Order Selection in Unsupervised Learning and Clustering for Arbitrary and Non-Arbitrary Shaped Data
thesisposted on 24.05.2021, 18:14 authored by Mahdi Shahbaba
This thesis focuses on clustering for the purpose of unsupervised learning. One topic of our interest is on estimating the correct number of clusters (CNC). In conventional clustering approaches, such as X-means, G-means, PG-means and Dip-means, estimating the CNC is a preprocessing step prior to finding the centers and clusters. In another word, the first step estimates the CNC and the second step finds the clusters. Each step having different objective function to minimize. Here, we propose minimum averaged central error (MACE)-means clustering and use one objective function to simultaneously estimate the CNC and provide the cluster centers. We have shown superiority of MACEmeans over the conventional methods in term of estimating the CNC with comparable complexity. In addition, on average MACE-means results in better values for adjusted rand index (ARI) and variation of information (VI). Next topic of our interest is order selection step of the conventional methods which is usually a statistical testing method such as Kolmogrov-Smrinov test, Anderson-Darling test, and Hartigan's Dip test. We propose a new statistical test denoted by Sigtest (signature testing). The conventional statistical testing approaches rely on a particular assumption on the probability distribution of each cluster. Sigtest on the other hand can be used with any prior distribution assumption on the clusters.
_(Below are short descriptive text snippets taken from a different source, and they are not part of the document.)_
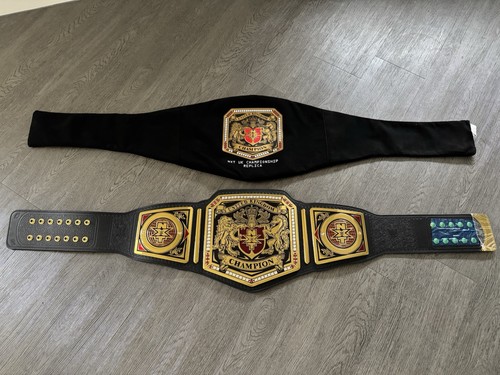 Cintura ufficiale nxt - cintura,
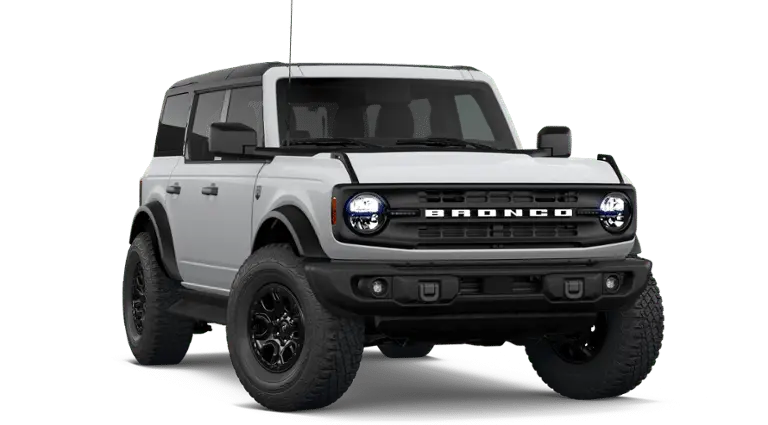 2026 Ford Bronco Big Bend 4x4 photo 4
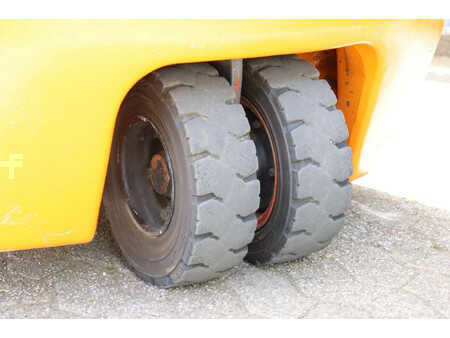 El truck - 4 hjulet 1991  Still R20-18 (12)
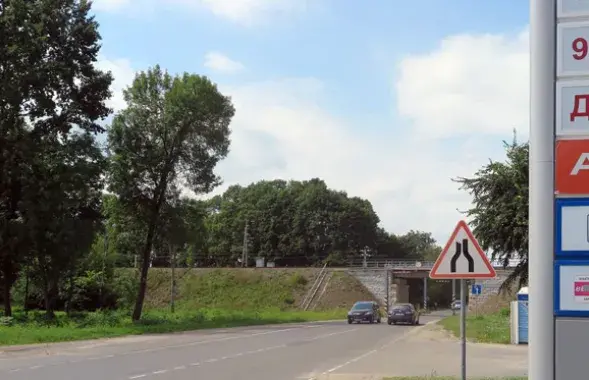 На фото intex-press.by &mdash; место происшествия​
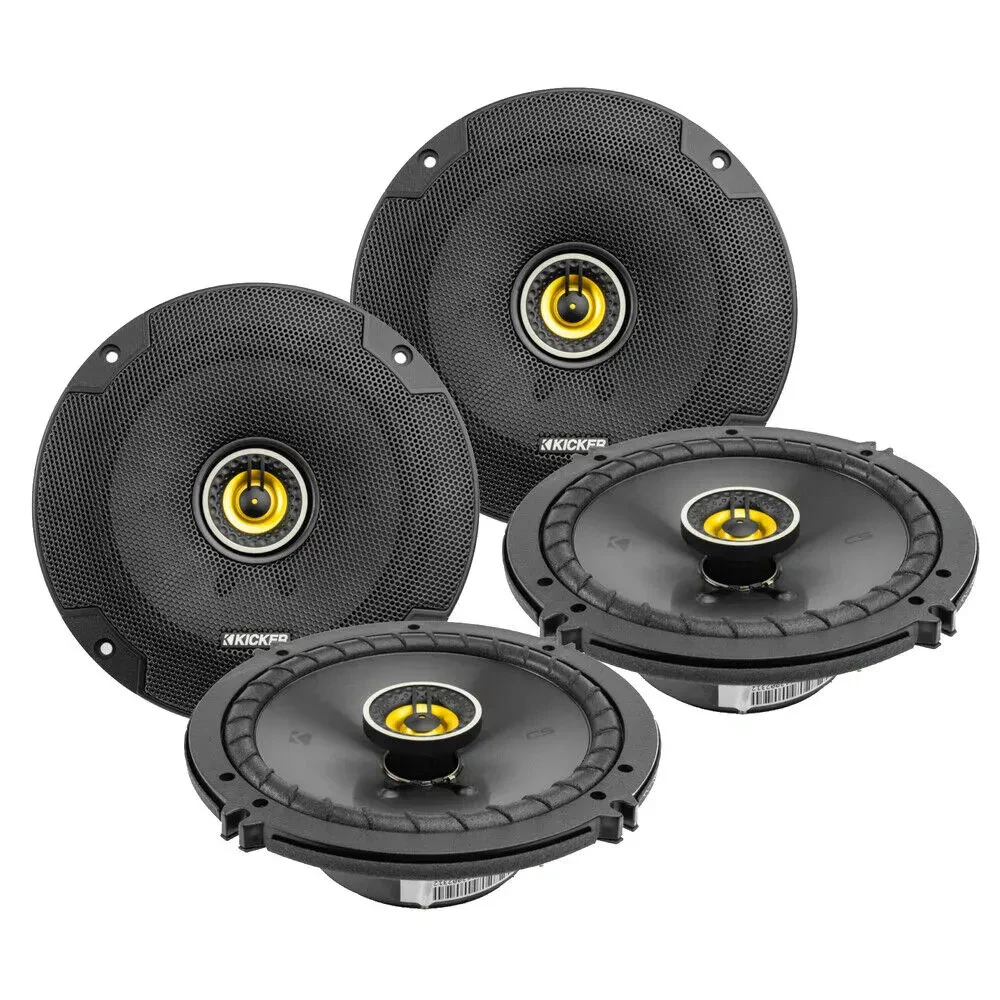 Автомобильные динамики для Pontiac Firebird (1993–2002) Kicker (набор)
By replacing the statistical testing of the mentioned conventional approaches with Sigtest, we have shown that the clustering methods are improved in terms of having more accurate CNC as well as ARI and VI. Conventional clustering approaches fail in arbitrary shaped clustering. Our last contribution of the thesis is in arbitrary shaped clustering. The proposed method denoted by minimum Pathways is Arbitrary Shaped (minPAS) clustering is proposed based on a unique minimum spanning tree structure of the data. Our simulation results show advantage of minPAS over the state-of-the-art arbitrary shaped clustering methods such as DBSCAN and Affinity Propagation in terms of accuracy, ARI and VI indexes.